Location: Livestock Nutrient Management ResearchTitle: Nutrient management and environmental and societal issues affecting sustainability of feedlot finishing systems Author
Submitted to: American Society of Animal Science
Publication Type: Abstract Only
Publication Acceptance Date: 7/1/2014
Publication Date: 7/24/2014
Citation: Cole, N.A., Todd, R.W., Waldrip, H., Hales Paxton, K.E. 2014. Nutrient management and environmental and societal issues affecting sustainability of feedlot finishing systems. Journal of Animal Science. 91-E-SUPPL. 2/J.

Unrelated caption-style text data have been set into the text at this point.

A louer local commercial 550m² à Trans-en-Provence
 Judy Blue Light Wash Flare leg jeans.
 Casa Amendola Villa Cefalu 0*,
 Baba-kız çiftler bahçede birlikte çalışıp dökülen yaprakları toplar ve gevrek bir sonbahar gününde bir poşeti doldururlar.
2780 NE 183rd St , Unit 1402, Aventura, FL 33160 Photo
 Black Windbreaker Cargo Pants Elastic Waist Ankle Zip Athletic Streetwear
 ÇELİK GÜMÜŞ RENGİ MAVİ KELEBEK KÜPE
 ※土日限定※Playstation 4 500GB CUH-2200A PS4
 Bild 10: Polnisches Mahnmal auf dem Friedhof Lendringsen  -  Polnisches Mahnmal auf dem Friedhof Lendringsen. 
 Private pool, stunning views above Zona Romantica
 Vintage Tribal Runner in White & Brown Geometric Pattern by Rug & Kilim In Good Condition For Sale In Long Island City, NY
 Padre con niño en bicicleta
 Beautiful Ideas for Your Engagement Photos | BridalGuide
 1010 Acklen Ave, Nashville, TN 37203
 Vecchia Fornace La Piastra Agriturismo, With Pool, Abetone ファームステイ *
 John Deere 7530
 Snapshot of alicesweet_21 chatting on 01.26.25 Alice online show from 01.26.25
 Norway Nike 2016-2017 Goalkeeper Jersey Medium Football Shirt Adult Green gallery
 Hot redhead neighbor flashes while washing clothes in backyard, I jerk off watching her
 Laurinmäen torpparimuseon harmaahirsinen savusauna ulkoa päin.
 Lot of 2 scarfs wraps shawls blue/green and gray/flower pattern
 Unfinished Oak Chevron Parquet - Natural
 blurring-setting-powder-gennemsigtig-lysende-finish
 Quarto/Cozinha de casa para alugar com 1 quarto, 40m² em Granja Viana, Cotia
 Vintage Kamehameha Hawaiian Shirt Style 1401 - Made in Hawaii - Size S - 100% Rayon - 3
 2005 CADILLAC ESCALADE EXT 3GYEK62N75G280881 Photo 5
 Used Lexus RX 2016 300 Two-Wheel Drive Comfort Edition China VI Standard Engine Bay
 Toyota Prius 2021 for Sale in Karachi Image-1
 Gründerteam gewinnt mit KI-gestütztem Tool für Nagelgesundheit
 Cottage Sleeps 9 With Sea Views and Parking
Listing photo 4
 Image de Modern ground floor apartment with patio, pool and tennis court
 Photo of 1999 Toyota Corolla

Technical Abstract: Cattle evolved on a diet consisting primarily of forages. Thus, it is often assumed that the “ideal” system for producing cattle is pasture-based. In contrast to much of the world, beef cattle in North American typically spend a portion of their life in feedlots where they are fed diets high in grains and/or by-products. Feeding cattle nutritionally balanced, high-energy diets in confinement has many advantages over pastoral systems. However feeding cattle in confinement leads to a concentration of nutrients into a small geographic area. Significant environmental and economic concerns include accumulation of nutrients, extraneous losses of nutrients to ground and surface water, removal of accumulated manure, excretion of pathogens and physiologically active compounds (PAC), and emissions of ammonia, greenhouse gases (GHG), odors, and dust. The public often views with concern, animal welfare and the use of growth promoters and antibiotics. Nutrition and management practices influence the quantity of nutrients excreted by the animal, transformations and movements of those nutrients, as well as losses of ammonia, volatile organic compounds, particulate matter, GHG, and PAC. Fortunately, ruminants can readily utilize a variety of high-fiber by-products to produce high-quality protein. The growth of the grain-based bio-fuel and corn sweetener industries has provided cattle feeders with a large supply of by-products (distiller’s grains, corn gluten feed, etc.) that can be substituted for feed grains. Because these byproducts are usually high in fiber, N, P, and S, when fed at high dietary concentrations, manure production, N, P, and S excretion, enteric methane emissions, and ammonia, nitrous oxide, and hydrogen sulfide emissions from manure are all increased. However, feeding lower concentrations (< 30% of DM) of these by-products and use of grain processing techniques such as steam flaking may actually decrease the environmental footprint of feedlots by decreasing the quantity of feed grains required.